What I’m Doing
November 15, 2012 § 25 Comments
Busy day, again. If I start to catalog my tasks and responsibilities, if I allow my busy mind full rein, it all comes crashing in. Too much to do, too little time.
I can feel it starting to hum. That anxiety machine up there.
So here’s what I’m doing.
First, I’m turning the stereo to full throttle. Driving pop music.
And then I’m taking my dog for a long, long walk in the woods.
After that, we’ll see.
That’s what I’m doing.
Stop Doing Things
May 17, 2012 § 7 Comments
The Master does nothing,
Yet he leaves nothing undone.
The ordinary man is always doing things,
Yet many more are left to be done.
Tao te Ching, Chap. 38 (Stephen Mitchell translation)
Our lives often seem like nothing but doing. Making lists, moving from task to task. Doing, doing, doing. Worse yet, we are judged, and we judge ourselves, by what we get done- or fail to get done. Relentlessly.
I used to be a very important person. I knew this because I was so busy working on so many important deals. My days were nothing but coffee, cigarettes, and doing. Busy, busy in my head- thinking, thinking, thinking. Knocking down the tasks, one after the other.
But here’s the problem. The busier I got, the longer my list grew. And my performance- when I was honest with myself- was often not so great. I became what I called “the busiest and least productive person I know.”
The Tao lesson shows us the way out of this trap. “Do nothing” does not mean go to some mountaintop and sit there. It means that while you navigate your busy, engaged life, you must seek to move out of your dualistic way of thinking. There is no you and the task. Just one thing.

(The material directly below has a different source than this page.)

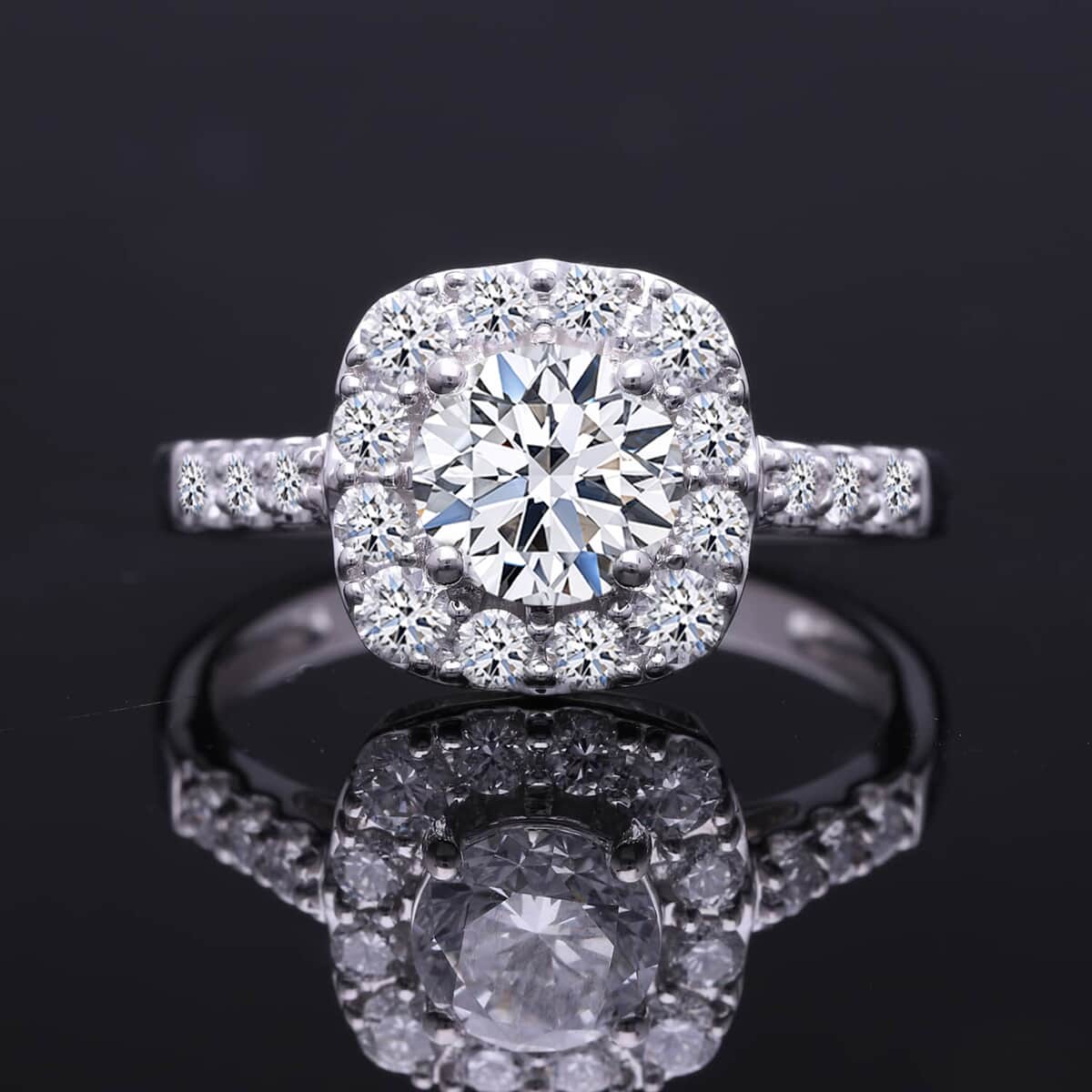 14K White Gold Luxuriant Lab Grown Diamond (E-F, VS) Ring (Size 10.0) (4.25 g) 2.00 ctw image number 1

We each know what this feels like. Immersed in reading or riding the exercise bike or designing the building, we can lose the conscious awareness of the activity. We are just reading, just spinning, just creating. These aren’t simply moments of immeasurable pleasure; they are also the times of our highest productivity. Sadly, for most of us, those moments are too few and too far between.
So stop doing things. Seek to immerse yourself in each moment and feel the weight of dualistic thinking fall away. Do this and you will become the least busy, and the most productive, person you know.